Jonathan Stuart Liebowitz was born to Jewish parents on November 28, 1962 in New York City and grew up in Lawrenceville, New Jersey. In 1984 he earned a psychology degree from the College of William and Mary. “My college career,” he later told _New York_ Magazine, “was waking up late, memorizing someone else’s notes, doing bong hits, and going to soccer practice.”
After completing his education, Liebowitz worked variously as a cancer research laboratory staffer, a bartender, a contract administrator for CUNY, a puppeteer for disabled children, and a van driver for a catering company. In 1987 he performed his first public comedy routine during an “open-microphone night” at the Bitter End Club in New York. Regarding his use of the stage name “Jon Stewart,” Liebowitz later explained: “I’m not a self-hating Jew. Actually, to borrow a line from Lenny Bruce, I just thought Leibowitz was too Hollywood.”
Stewart soon found regular work as a comedian at Stand-Up NY and then at Caesar’s Palace. By 1989 he began appearing on television as the host of Comedy Central’s _Short Attention Span Theater,_ and in 1992 he hosted MTV’s _You Wrote It, You Watch It_. In 1993 Stewart was one of the finalists under consideration to replace David Letterman as the host of NBC’s late-night show, but lost out to Conan O’Brien. Stewart then became host of MTV’s The Jon Stewart Show, which was canceled after one season because of low ratings. In 1994 the Viacom-owned company Paramount gave Stewart his own syndicated program, but poor ratings likewise led to its cancellation the following year.

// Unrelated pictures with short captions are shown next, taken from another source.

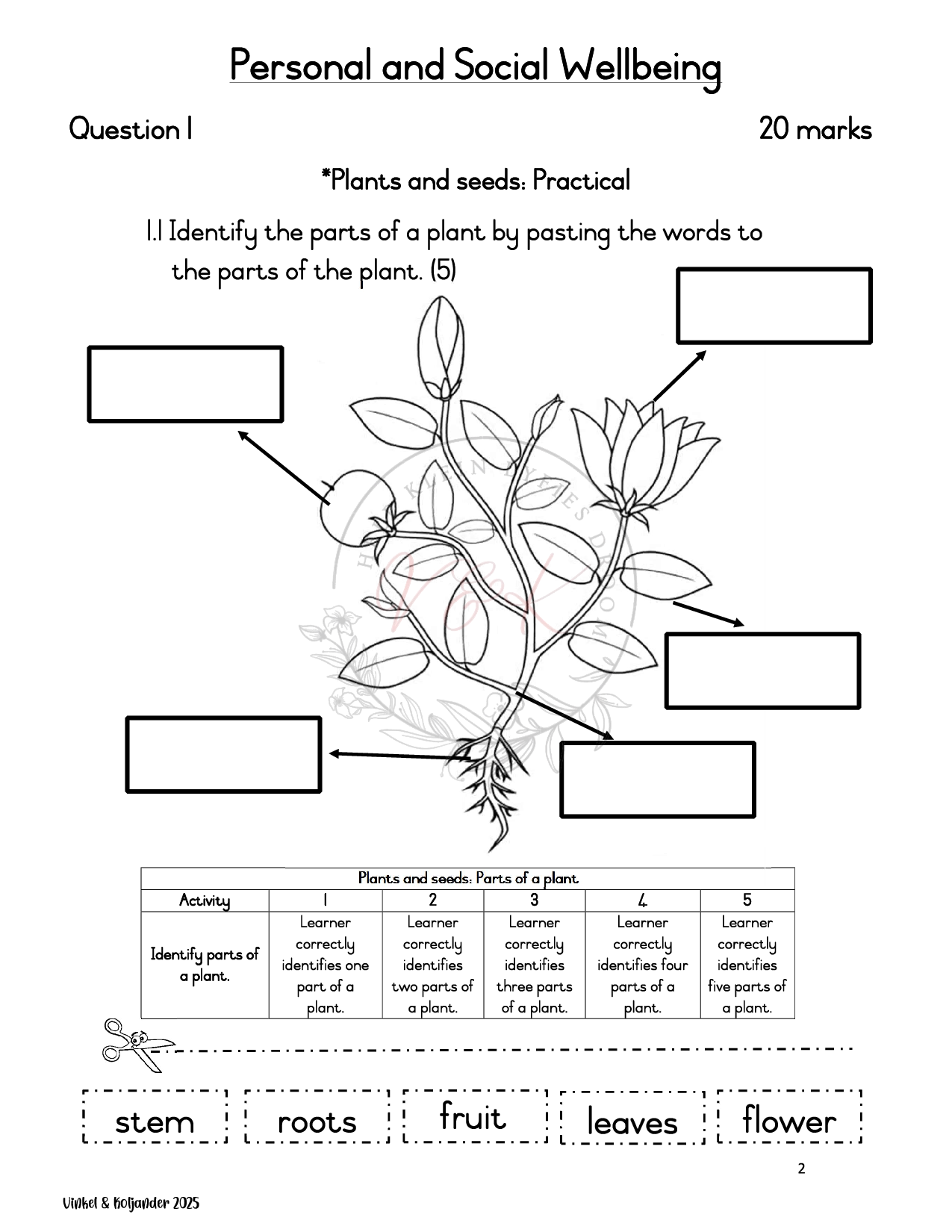 Grade 1 Life Skills Formal Assessment Task - Term 3 - Image 2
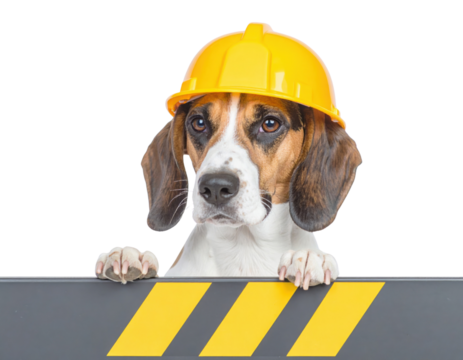Beagle wearing a yellow construction hardhat peeks over a black-and-yellow caution barrier against a black background.
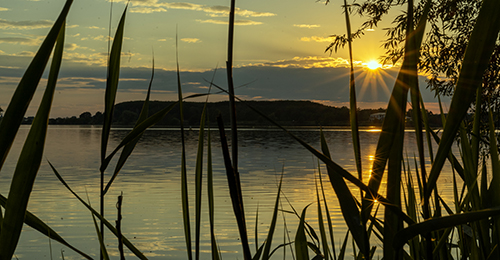 Blick ber den See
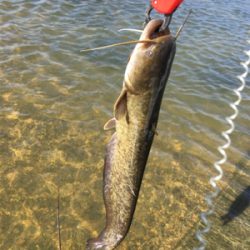 デイナマズフィッシング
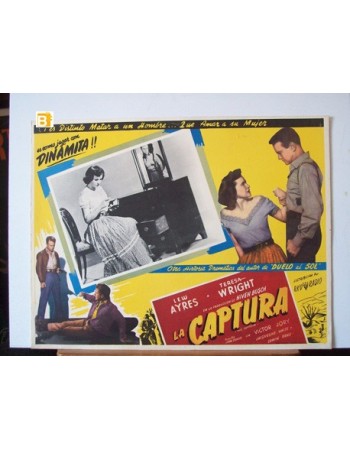 THE CAPTURE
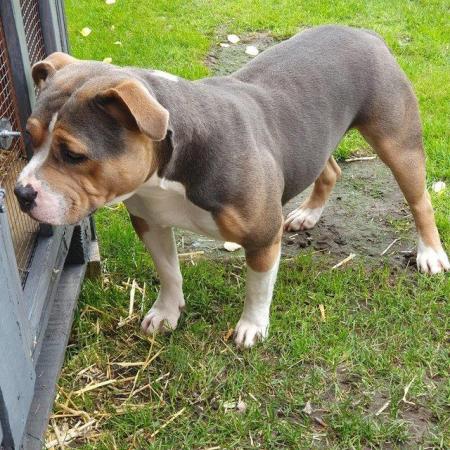 Image 6 of POCKET BULLY X STAFFY. Pups for sale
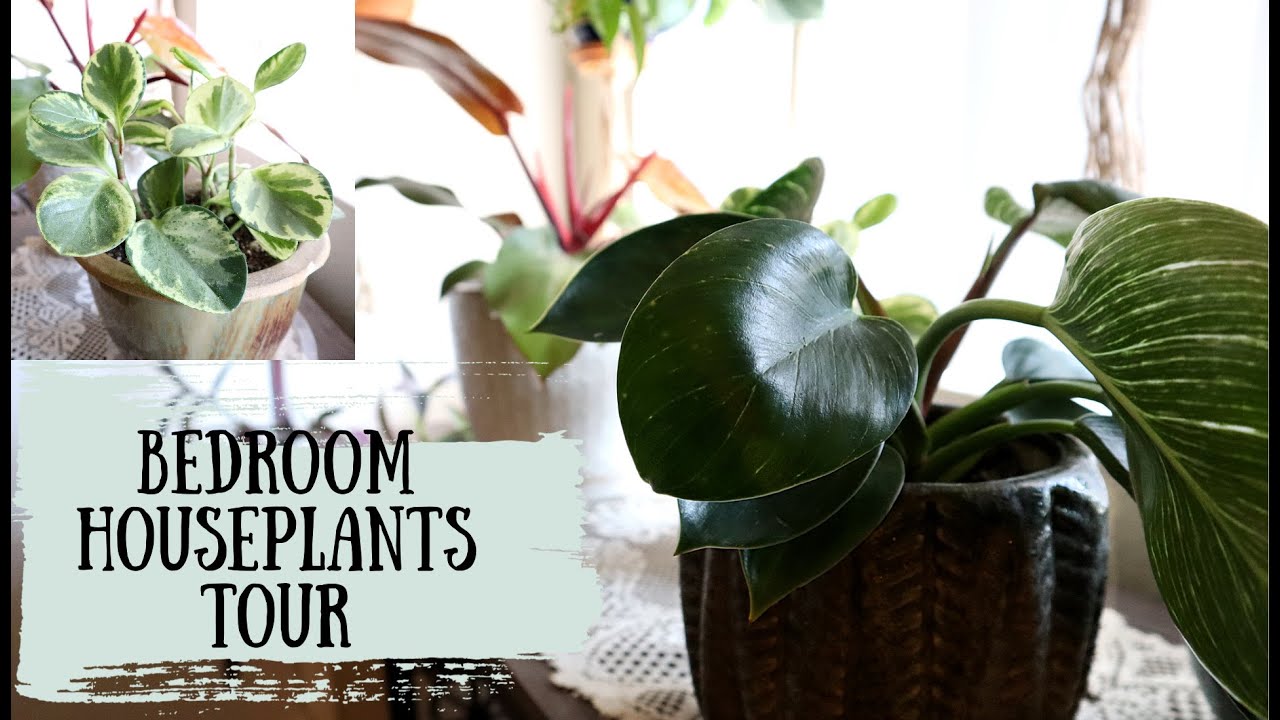 Updated Bedroom Plant tour | Houseplant Tour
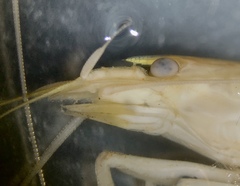 Atyopsis spinipes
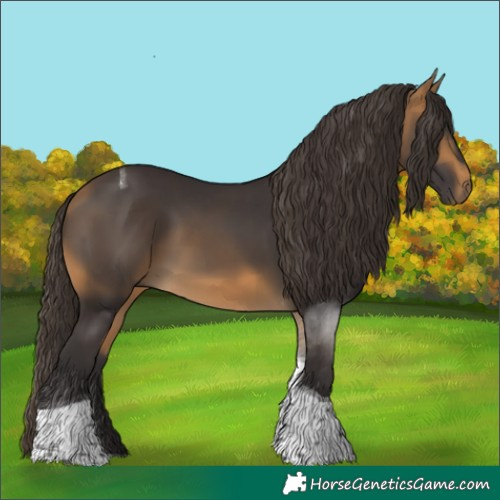 Horse Color:Buckskin Tobiano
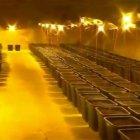  Los policías detuvieron a un hombre de unos 30 años, sospechoso de haber instalado el cultivo. 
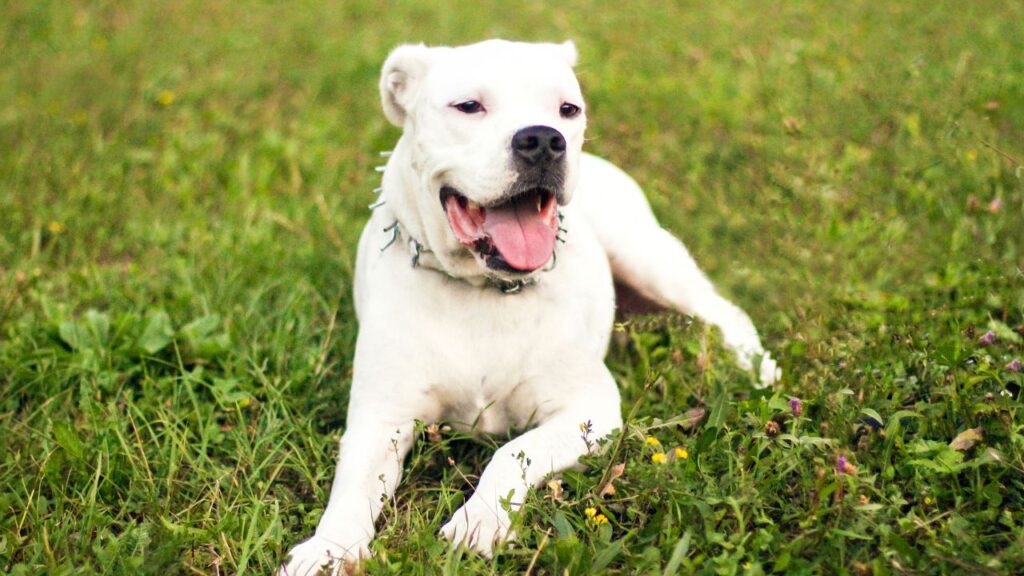 Dogo Argentino 2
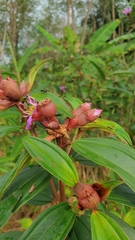 Melastoma malabathricum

When Stewart replaced comic Craig Kilborn as anchorman (and co-executive producer) of Comedy Central’s The Daily Show in January 1999, he reshaped this parody of network newscasts to suit his own unique style. Stewart’s brand of humor tends to be relatively gentle when poking fun at Democrats, but more pointed with regard to Republicans. His chief criticism of Democrats is that they are not liberal enough, or that they oppose Republicans too timidly. “My comedy is informed by an ideological background, there’s no question about that,” Stewart said in 2011. “There’s no question I don’t tell the full story….”

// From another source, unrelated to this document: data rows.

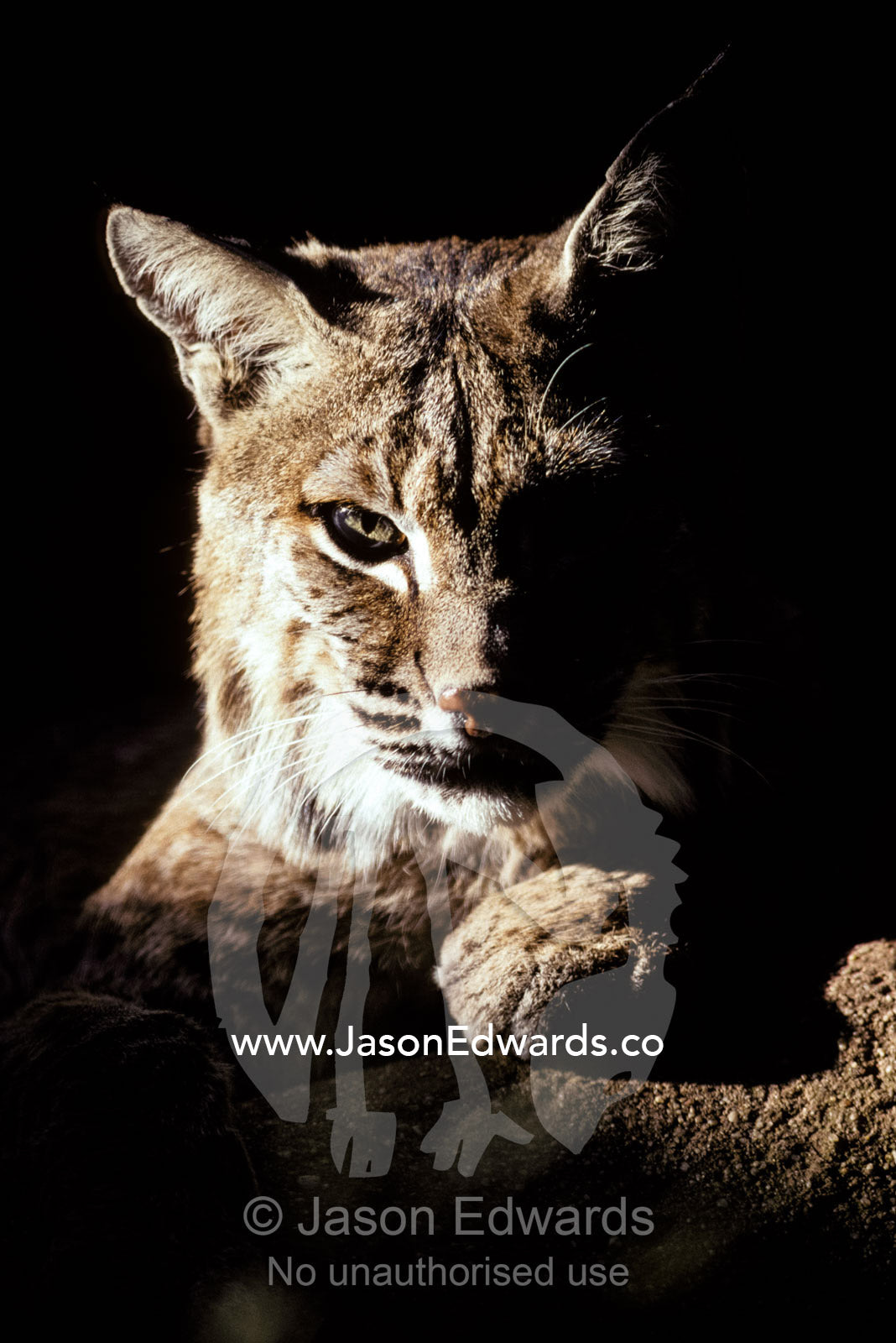A Bobcat sitting in a ray of sun, relaxed with a predator's stare Melbourne Zoo, Victoria Australa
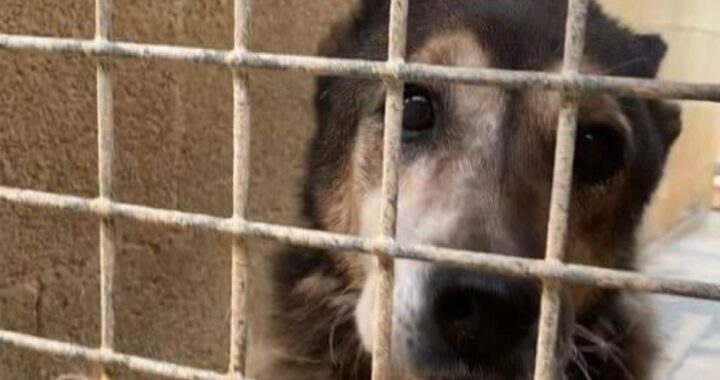 Ricordate Cella 126? Il cane senza un nome, invisibile, che da 16 anni viveva dietro le sbarre? Oggi lo ritroviamo così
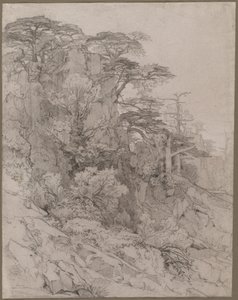 ロッキーヒルサイドの木々 作： Gustave Achille Guillaumet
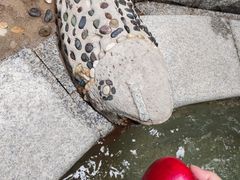 -天赐温泉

When broadcaster Larry King told Stewart “I think you’re a Democrat” during a December 2000 interview on CNN, Stewart replied: “I think that’s probably correct. I would say I’m more of a socialist or an independent.” Years later, in May 2012, Fox News chairman Roger Ailes said that Stewart, in a private conversation, “basically has admitted to me … that he’s a socialist.” Soon thereafter, Stewart addressed the matter on his program, saying: “I don’t believe in state control of industry or collectivizing farms, but I do believe that there is value in some policies that derive from a more socialist ethos, like, uh, um …” At that point, he cut to film footage of Mitt Romney describing Social Security as “an essential program,” and Sarah Palin lauding Medicare. “Can’t we just admit a socialist is someone who wants to spend government money on things you don’t like?” Stewart concluded.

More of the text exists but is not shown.